In the data below, restate exactly the lines from the one with "Let's look at" to the final line, both included, but not the pictures.

__DATA__.
=====

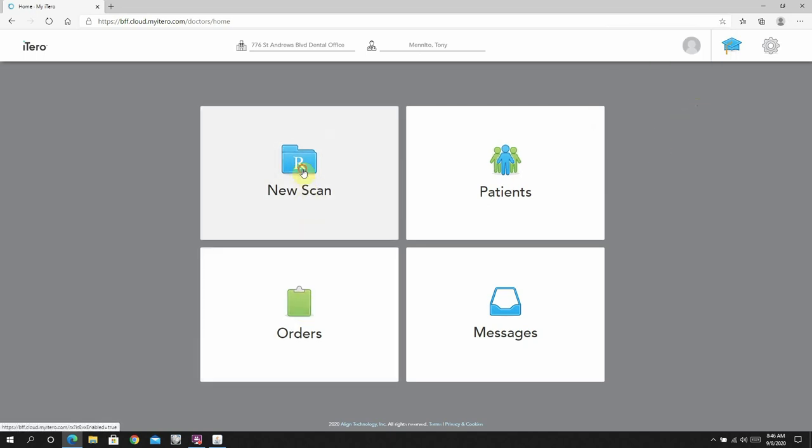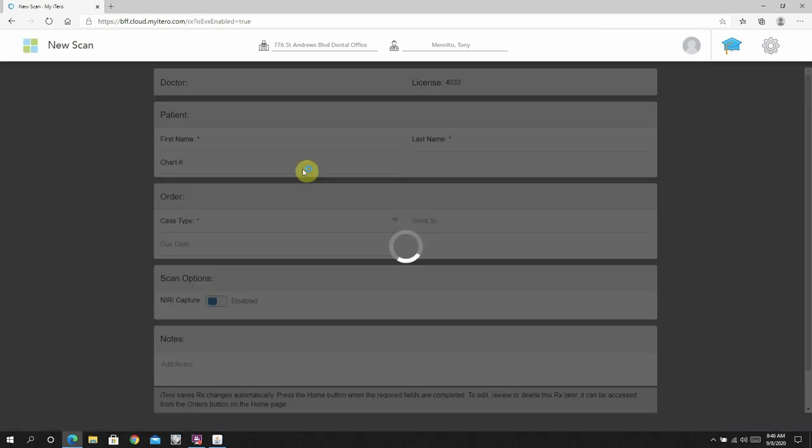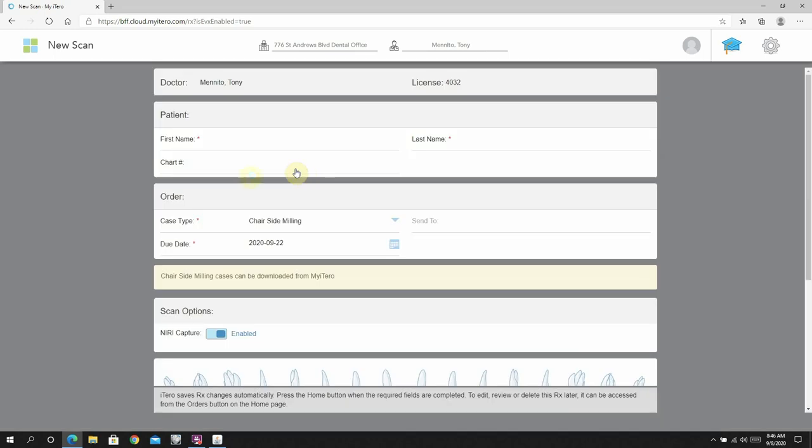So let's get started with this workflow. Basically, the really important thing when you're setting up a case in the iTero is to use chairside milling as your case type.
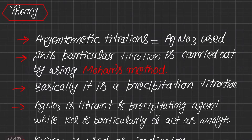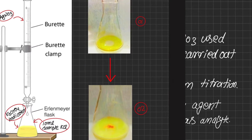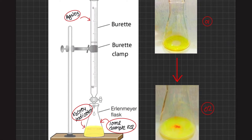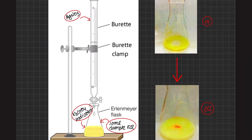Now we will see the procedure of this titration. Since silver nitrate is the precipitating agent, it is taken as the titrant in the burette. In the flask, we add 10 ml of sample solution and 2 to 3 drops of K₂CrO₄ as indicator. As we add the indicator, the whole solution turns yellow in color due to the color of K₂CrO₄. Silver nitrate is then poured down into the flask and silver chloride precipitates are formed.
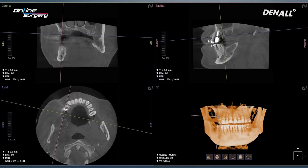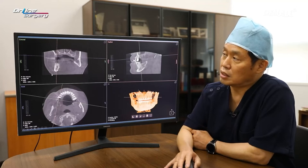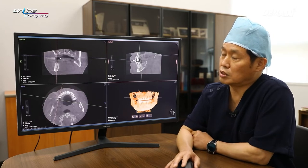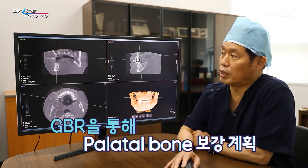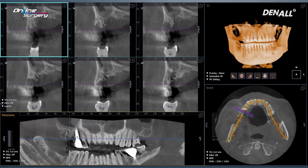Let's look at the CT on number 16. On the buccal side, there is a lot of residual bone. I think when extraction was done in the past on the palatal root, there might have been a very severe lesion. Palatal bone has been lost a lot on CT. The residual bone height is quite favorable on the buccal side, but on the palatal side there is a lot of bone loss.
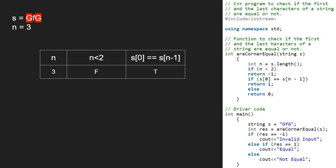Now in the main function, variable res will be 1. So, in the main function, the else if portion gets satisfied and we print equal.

=====

__WRITTEN SOLUTION__.
Let's look at the CT on number 16. On the buccal side, there is a lot of residual bone. I think when extraction was done in the past on the palatal root, there might have been a very severe lesion. Palatal bone has been lost a lot on CT. The residual bone height is quite favorable on the buccal side, but on the palatal side there is a lot of bone loss.
Now in the main function, variable res will be 1. So, in the main function, the else if portion gets satisfied and we print equal.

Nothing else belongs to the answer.